La risposta di Unione Europea e Stati Uniti alla Belt and Road Initiative
Europa

La risposta di Unione Europea e Stati Uniti alla Belt and Road Initiative

Di Luca Tarantino
13.11.2018

Il 15 ottobre il Consiglio Affari Esteri dell’UE ha approvato la “strategia dell’UE in materia di connessione tra l’Europa e l’Asia”, la quale è stata poi presentata a Bruxelles il 18 e 19 ottobre all’Asia-Europe Meeting (ASEM), forum dedicato al dialogo e alla cooperazione interregionale a cui partecipano 51 Stati compresi Cina, India e Russia.
Basata su una comunicazione congiunta del 19 settembre della Commissione europea e dell’Alto Rappresentante dell’Unione per gli Affari esteri e la Politica di sicurezza Federica Mogherini, nominata “Collegare l’Europa e l’Asia — elementi per una strategia dell’UE”, la nuova iniziativa dell’Unione Europea è volta alla realizzazione di investimenti infrastrutturali nei prossimi anni in tutto il continente asiatico.
La politica trae fondamento da uno studio dell’Asian Development Bank in cui viene affermata la necessità in Asia di diversi trilioni di euro in investimenti per le infrastrutture e prevede il finanziamento di opere sostenibili ed in linea con gli standard internazionali sull’ambiente e sul lavoro.
In particolare, in “Collegare l’Europa e l’Asia” è indicato il bisogno di unire le infrastrutture asiatiche alle Reti di trasporto europee (TEN-T), i corridoi progettati dall’Unione europea per connettere i singoli Paesi membri dell’UE, di fare investimenti nel settore energetico anche attraverso la diffusione dell’utilizzo di energie rinnovabili, e di creare reti digitali per agevolare l’accesso ad Internet nei Paesi in via di sviluppo, facendo così crescere la digital economy.
Inoltre, è prevista e incoraggiata, laddove possibile, la cooperazione con tutte le altre organizzazioni attive nella regione, come il Fondo Monetario Internazionale, la Banca Mondiale, l’Asian Development Bank e la Asian Infrastructure Investment Bank (AIIB), l’istituzione finanziaria internazionale fondata nel 2015 di cui la Cina è maggiore azionista e di cui sono membri diversi Paesi europei, tra cui l’Italia.
A sostegno del piano d’azione, la Commissione ha proposto lo scorso giugno 2018 l’aumento sia del bilancio dell’UE per l’azione esterna nel periodo 2021-2027, sia del Fondo europeo per lo sviluppo sostenibile, i quali andrebbero a valere rispettivamente 123 e 60 miliardi di euro.

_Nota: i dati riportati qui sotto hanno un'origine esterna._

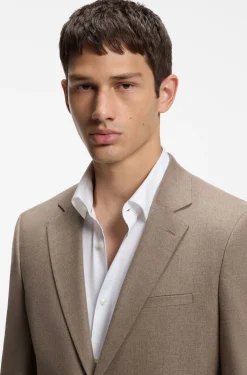 Extra Slim-Fit Anzugsakko aus meliertem Flanell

Va sottolineato come la strategia rappresenti la prima iniziativa europea specificamente mirata allo sviluppo infrastrutturale asiatico. A tal proposito, la Vicepresidente dell’UE Mogherini ha subito rassicurato che la nuova politica verso il continente asiatico non sarà in contrapposizione con la Belt and Road Initiative (BRI), il progetto infrastrutturale lanciato dal S Presidente cinese Xi Jinping nel 2013 dal valore stimato di 8 trilioni di dollari.

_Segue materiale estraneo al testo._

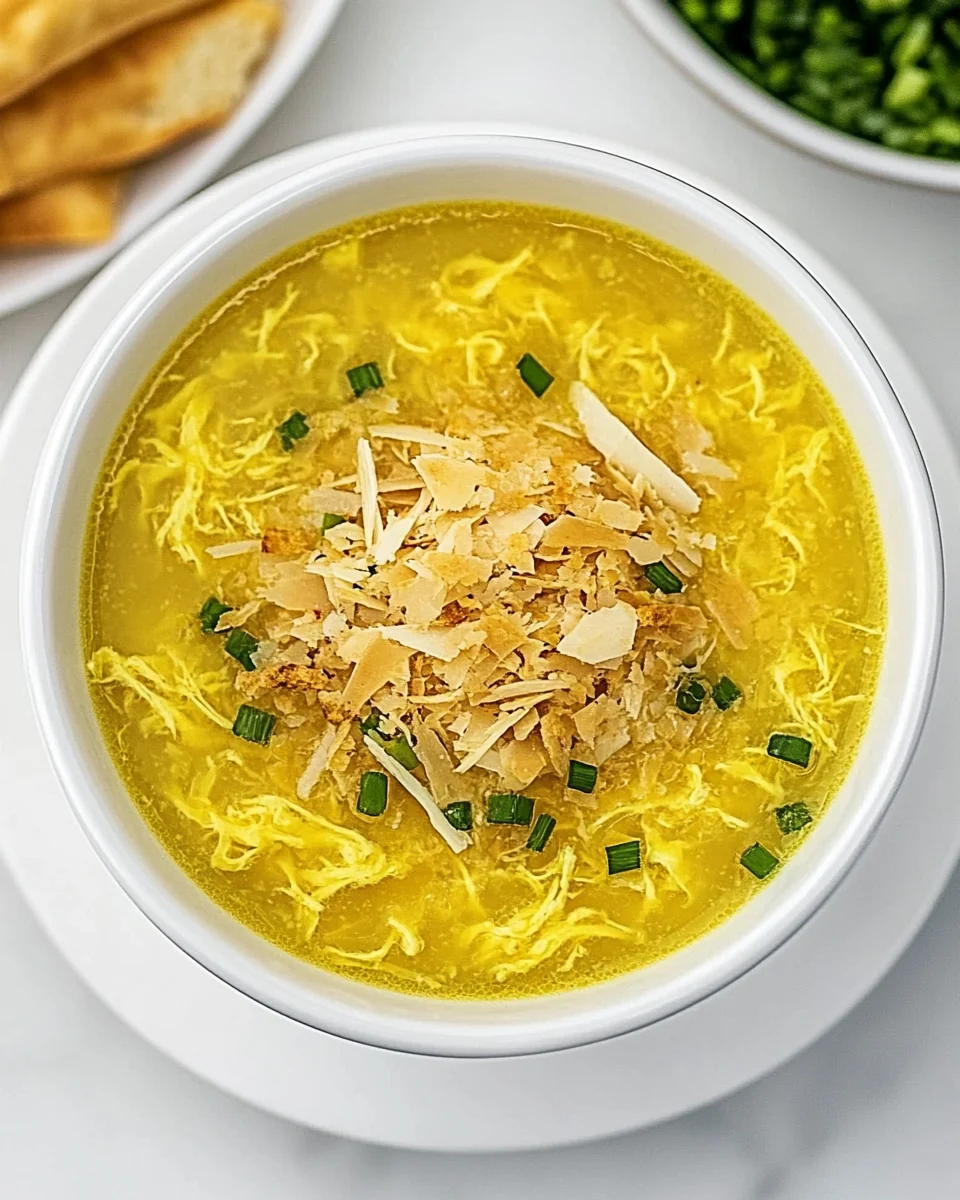 Classic Homemade Egg Drop Soup - additional image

Non è tuttavia da escludere come con “Connecting Europe and Asia” l’UE abbia deciso di fare la sua parte nel finanziamento di nuove opere nel continente asiatico anche in risposta alla BRI. Ad oggi, però, l’iniziativa europea non sembra essere pensata tanto in contrapposizione al piano cinese quanto per dotare l’Europa di un approccio sistematico e all’avanguardia rispetto ai rapporti con il continente asiatico. La proposta della Commissione, infatti, prefigura come l’UE nelle sue operazioni sarà disponibile alla cooperazione con altri attori, facendo inoltre direttamente menzione della Cina: nella comunicazione viene suggerito il miglioramento della collaborazione con l’AIIB, nonché l’aumento del dialogo in seno alla EU-China Connectivity Platform, piattaforma creata nel 2015 con lo scopo di promuovere le reti di trasporto tra l’Unione e la Repubblica popolare.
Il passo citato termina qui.